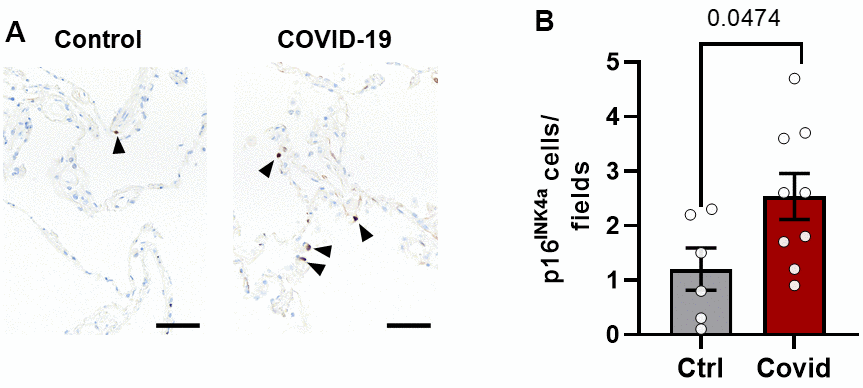 Lung p16INK4a+ senescent cell burden is greater in patients dying from acute SARS-CoV-2 than other causes. Lung tissue from patients who died from SARS-CoV-2 (n=9) were compared to controls (n=6) who died from other causes without lung disease (see Supplementary Tables 2, 3). (A) Paraffin-embedded lung autopsy tissue was sectioned and stained for p16INK4a by immunohistochemistry (black arrowheads). (B) Fifteen fields of alveolar tissue were randomly selected and counted. Mean +/- SEM, unpaired 2-tailed Student’s t-test.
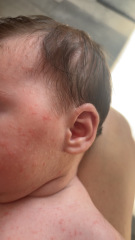 Baby acne or CMPA rash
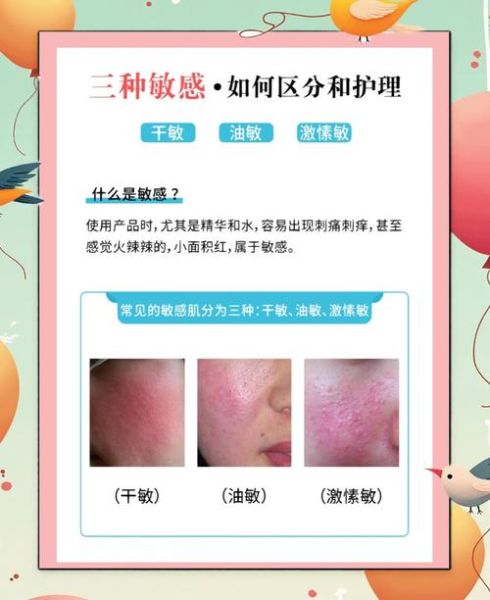 美容院怎么选_敏感肌适合做什么项目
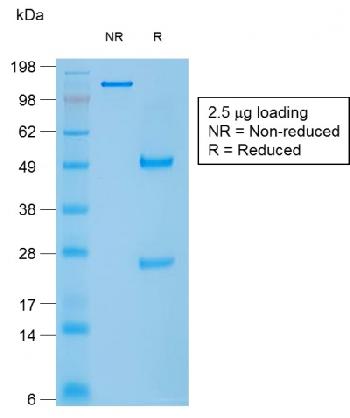 Figure 2: SDS-PAGE Analysis of Purified Caldesmon Mouse Recombinant Monoclonal Antibody (rCALD1/820).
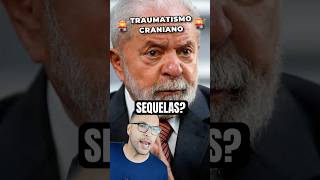 Traumatismo craniano de Lula VAI TER SEQUELAS [upl. by Odnamra]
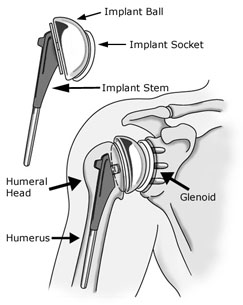 Anatomi av skulderområdet, som viser implantatet etter kirurgi, merket for å vise implantatkule, implantatkontakt, implantatstamme, humerus, humeralhode og glenoid.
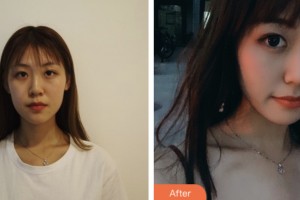 淮安光明眼科醫(yī)院張勝玉整形價格表附埋線雙眼皮案例展示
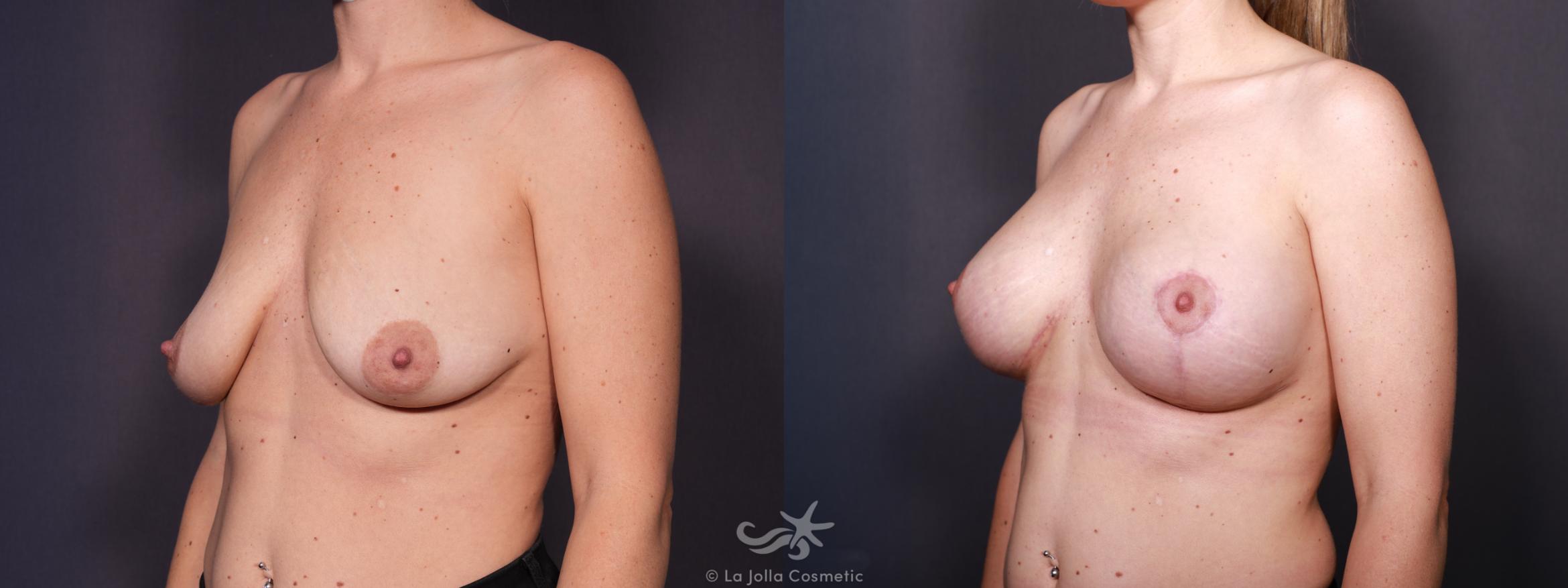 Before & After Breast Augmentation with Lift Result 644 Left Oblique View in San Diego, CA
================================
• Exercise requirements:
From the line containing "美容院怎么选_敏感肌适合做什么项目" down to the last line of the entries above, copy each line exactly and nothing more. Leave pictures out.

• Result of the task:
 美容院怎么选_敏感肌适合做什么项目
 Figure 2: SDS-PAGE Analysis of Purified Caldesmon Mouse Recombinant Monoclonal Antibody (rCALD1/820).
 Traumatismo craniano de Lula VAI TER SEQUELAS [upl. by Odnamra]
 Anatomi av skulderområdet, som viser implantatet etter kirurgi, merket for å vise implantatkule, implantatkontakt, implantatstamme, humerus, humeralhode og glenoid.
 淮安光明眼科醫(yī)院張勝玉整形價格表附埋線雙眼皮案例展示
 Before & After Breast Augmentation with Lift Result 644 Left Oblique View in San Diego, CA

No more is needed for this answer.